Mais il n’en demeure pas moins qu’à Rome, comme lors des autres occupations de places par les sardines, nous avons assisté à une réaction positive et massive contre la montée du racisme, du poison réactionnaire et du nationalisme souverainiste de Salvini et de la droite, dans la société et les institutions, et les jeunes ont été en première ligne.
Le degré de politisation de ce mouvement est encore faible, et ses organisateurs cherchent volontairement à le maintenir à un niveau de critique générale et superficielle des accents de haine et d’inhumanité des droites réactionnaires, de défense du cadre démocratique constitutionnel, c’est-à-dire une bataille menée au simple niveau de l’opinion publique (ce n’est pas par hasard qu’il ne s’agit pas de défilés mais seulement de rassemblements de quelques heures sur les places, avec de la musique et des interventions générales depuis des tribunes).

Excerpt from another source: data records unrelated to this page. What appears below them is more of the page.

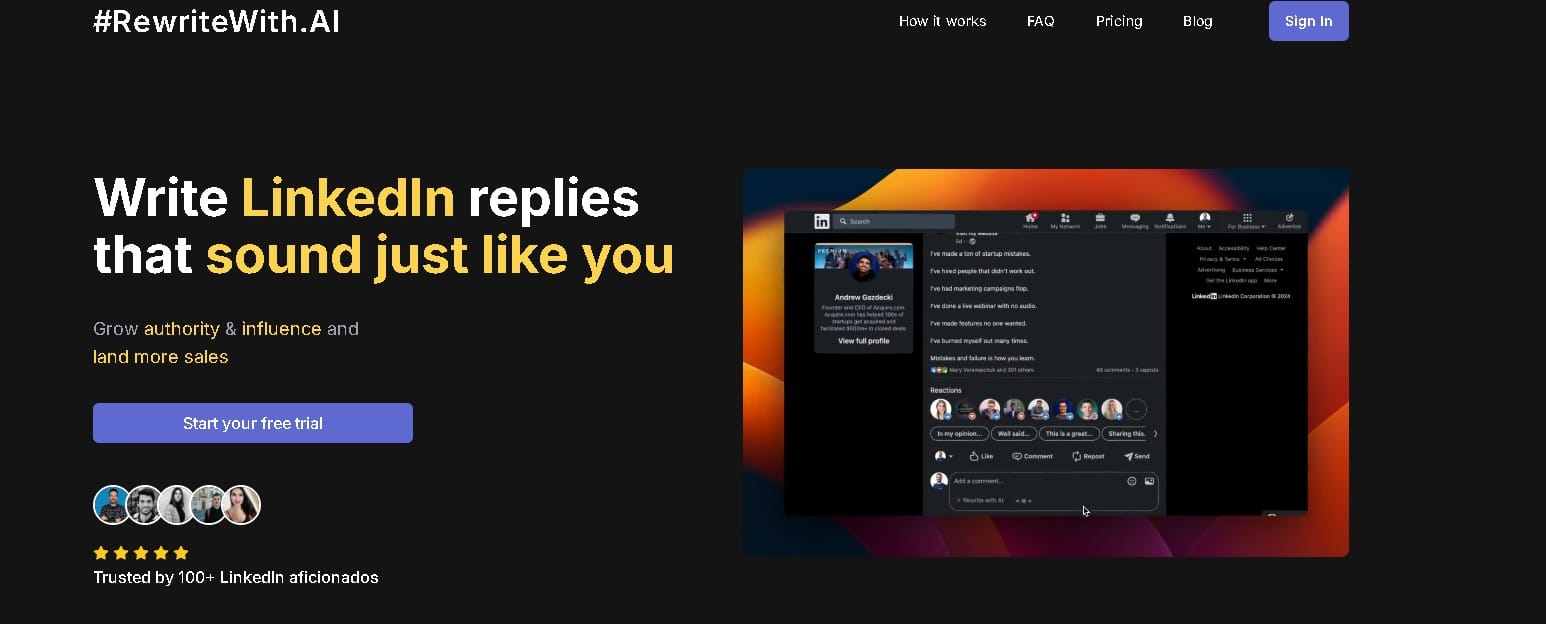 una extensión de inteligencia artificial para mejorar sus comentarios en LinkedIn con RewriteWithAI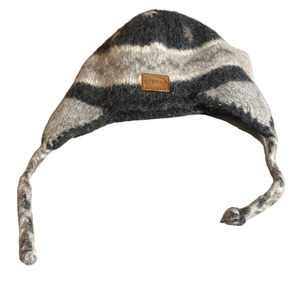 Kyber Kids Wool Knit Hat – Striped Cozy Winter Beanie (Made in Nepal)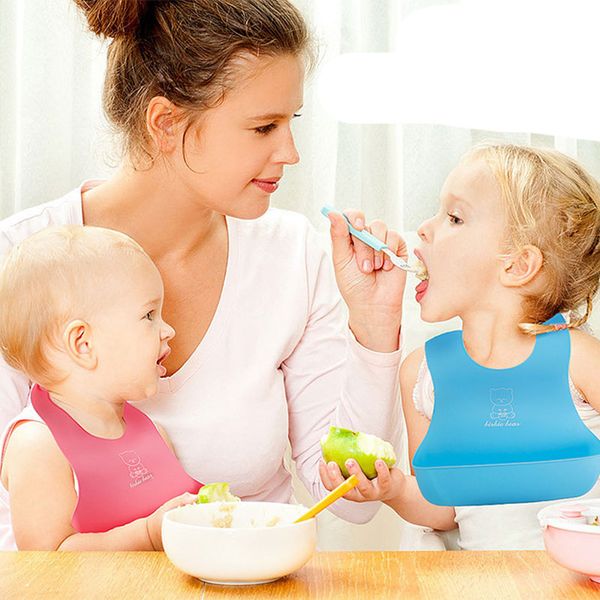 

new baby kids bibs tpe silicon candy color burp cloths waterproof washable saliva towel ing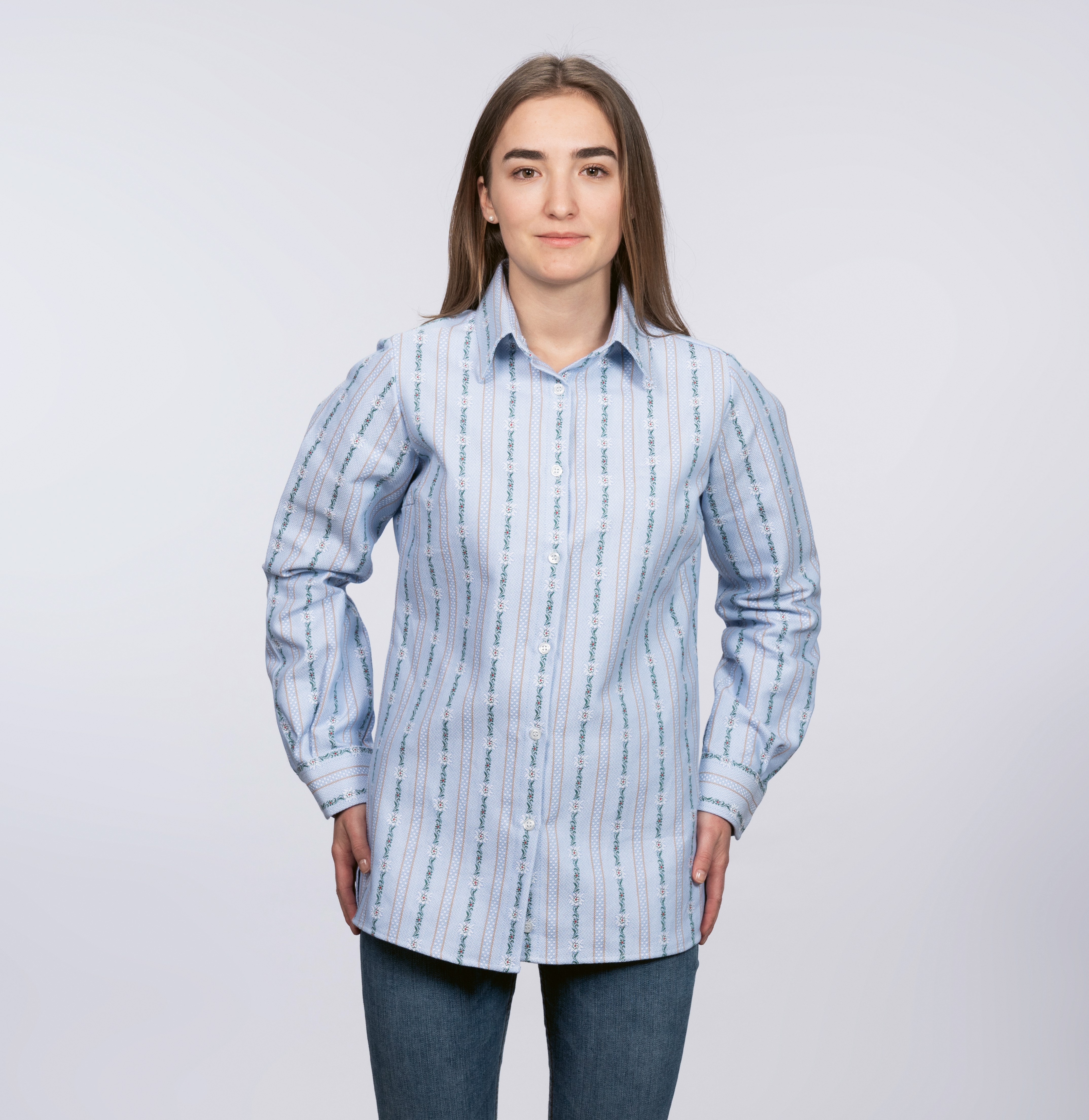 Edelweiss-Bluse - hellblau/anthrazit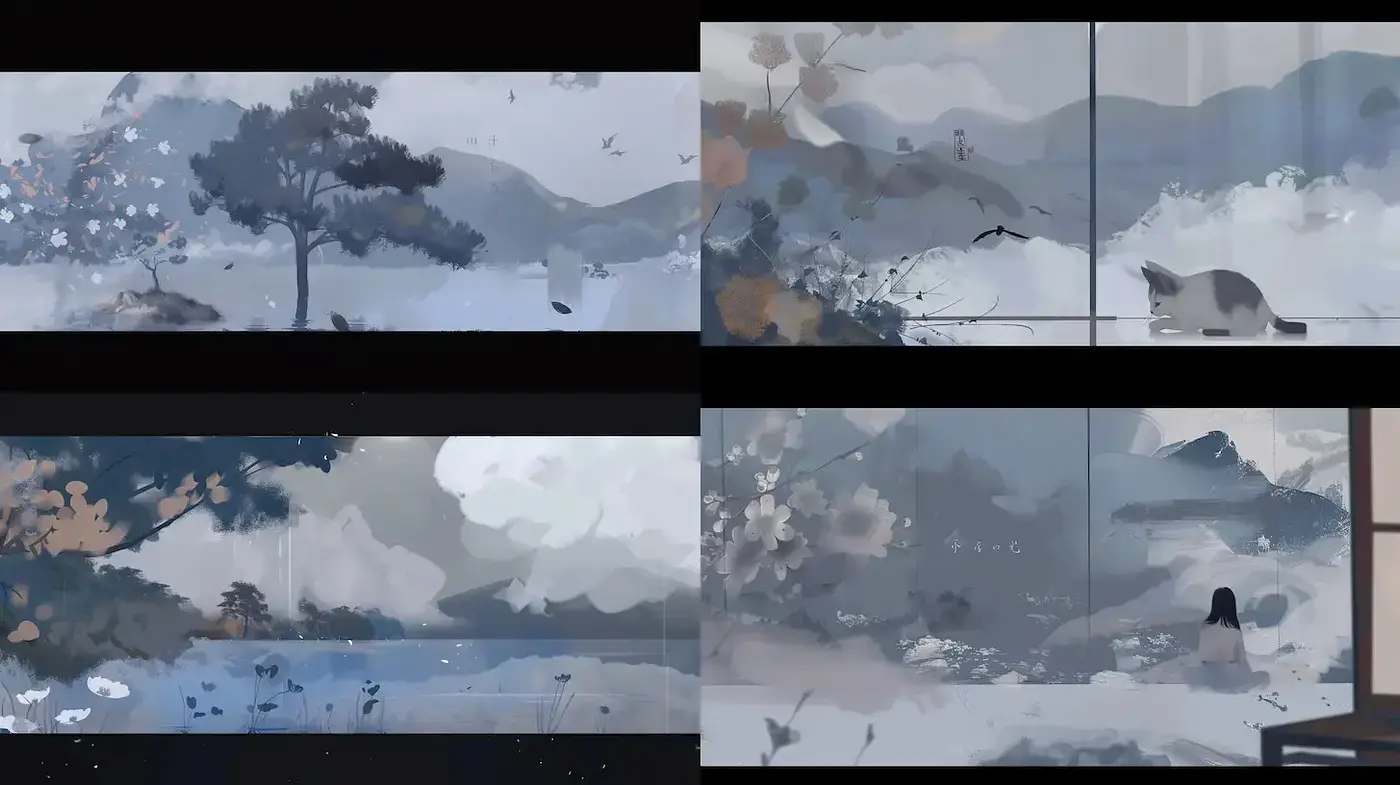 Serene and Ethereal Landscape Illustrations with Subdued Tones - Midjourney sref style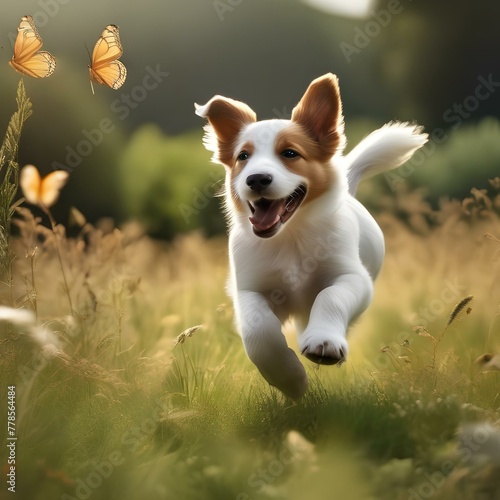 A happy puppy with a wagging tail, chasing a butterfly in a sunlit meadow3 photo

On n’avance pas d’objectifs clairs et on ne propose pas non plus – et encore moins – des lieux de discussion et d’approfondissement d’une plateforme revendicative qui pourrait mettre en difficulté le gouvernement Conte bis qui, sur la plupart des sujets, reste dans la continuité des politiques du premier gouvernement Conte, soutenu par la Ligue de Salvini.
Radicaliser les exigences
La Parti démocrate craint en fait une radicalisation des mots d’ordre et une critique des politiques néolibérales d’austérité qu’il a lui-même menées et qui ont provoqué le malaise social qui a permis aux différentes droites de se développer. Le groupe des organisateurs bolonais agit de façon cohérente par rapport à cette exigence. Sa verticalité extrême n’est donc pas un élément anecdotique, elle répond à une logique et à un choix précis : empêcher que des lieux de discussions et de débat, publics, ouverts et démocratiques, favorisent la confrontation entre des idées et des positions politiques différentes, qui correspondent aussi à des intérêts sociaux différents.
Pendant ces mêmes semaines, la gauche de classe et anticapitaliste (Sinistra Anticapitalista a joué un rôle important) a cherché à ouvrir une nouvelle voie à l’unité d’action, à partir d’une assemblée nationale qui s’est tenue le 7 décembre à Rome (environ 400 personnes) à laquelle ont participé sept ou huit organisations nationales et une vingtaine de collectifs locaux. Elle a défini une plateforme commune de lutte sociale, comme base de travail pour les prochains mois : contre les dépenses et les politiques militaires, pour l’emploi (réduction d’horaires sans baisse des salaires, nationalisation des grandes entreprises et des usines qui licencient et restructurent, suppression des décrets-sécurité, abrogation de la contre-réforme Fornero sur les retraites).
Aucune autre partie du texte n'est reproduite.